Depending on the issuer of the stablecoins, stablecoins can be sorted into centralized ones and decentralized ones. And depending on the method of collateralization, the stablecoin types are roughly divided into three types, fiat-backed or comodity-backed stablecoins, crypto-backed stablecoins and algorithmic stablecoins.
Fiat-backed or comodity-backed Stablecoins
These two types of stablecoins are usually issued by centralized organizations. These stablecoins are backed 1:1 by fiat such as U.S. Dollars, Euros, or physical assets such as oil, real estate, gold. For each token in circulation, fiat-backed stablecoins typically have a reserve of one dollar — cash or cash equivalents. Stablecoin reserves are maintained by central entities that regularly audit their funds and work with regulators to ensure that entities holding stablecoin reserves remain compliant.
Some of the biggest stablecoins in this category include Tether(USDT), Paxos Standard(PAX), BUSD, USD Circle(USDC), Paxos Gold(PAXG), and Tether Gold(XAUT).
Crypto-backed Stablecoins
As its name implies, crypto-backed stablecoins are backed by another cryptocurrency as collateral. This process occurs on-chain by employing smart contracts instead of relying on centralized organizations to issue. When purchasing this kind of stablecoin, users lock the cryptocurrency into a smart contract to obtain tokens of equal representative value. User can then put the stablecoin back into the same smart contract to withdraw your original collateral amount.
Currently DAI is the most prominent stablecoin that makes use of this mechanism. This is realized by utilizing a collateralized debt position (CDP) through MakerDAO to secure assets as collateral on the blockchain.
Algorithmic Stablecoins
Algorithmic stablecoins are those that rely on algorithms to keep prices stable, effectively balancing funding and supply and demand on the blockchain through smart contracts. Algorithmic stablecoins act as a true central bank, defending the pegs of their currencies in the market.

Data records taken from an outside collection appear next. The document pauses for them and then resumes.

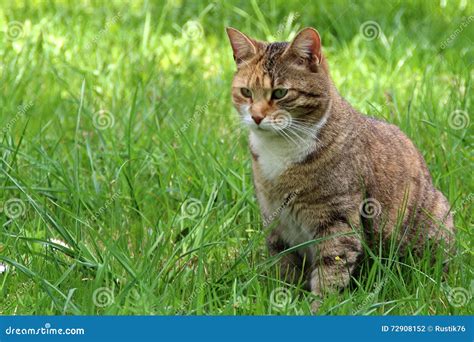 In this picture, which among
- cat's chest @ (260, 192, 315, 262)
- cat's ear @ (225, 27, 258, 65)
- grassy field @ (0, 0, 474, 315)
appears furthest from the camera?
cat's ear @ (225, 27, 258, 65)

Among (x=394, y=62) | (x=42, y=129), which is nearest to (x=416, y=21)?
(x=394, y=62)

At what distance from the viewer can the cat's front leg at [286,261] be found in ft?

If the price of an algorithmic stablecoin is pegged to $1, but the stablecoin rises higher, the algorithm automatically releases more tokens into the supply to lower the price. If it falls below $1, it will reduce the supply to bring the price back up. Some algorithmic stablecoins are known for losing their pegs during black swans or unexpected events, as market volatility rises sharply due to lack of overcollateralization. In 2022, the famous algorithimc stablecoin Terra USD, or UST lost its peg to the USD and the situation worsened due to the core mechanics, the network minted more and more LUNA tokens to save the value of the UST. This led to a decline in the value of LUNA tokens, which in turn led to an exponential increase in the volume of more minted coins. During the Luna collapse, its supply increased from 340 million tokens to 6.5 trillion. Its price went the other way.
In the end, $LUNA’s $22 billion market cap went up in smoke, wiping out the huge book gains of many retail and institutional investors.
Are stablecoins good or bad?
Stablecoins were developed to avoid the high volatility common in the cryptocurrency market. Currently stablecoins are often used as a medium for cryptocurrency investments, hedge assets, and there are more and more places that accept stable coins with stable values for payments.
However, we cannot ignore the risks of stablecoins. Lack of Regulation, possibility of depegging, and the occurrence of a run are some major risks of the stablecoins. In the past, we have seen peg failures, reserve deficits and litigation issues with stablecoins. So, while stablecoins are an extremely versatile instrument, it’s important to keep a mind that they are still a cryptocurrency and carry similar risks.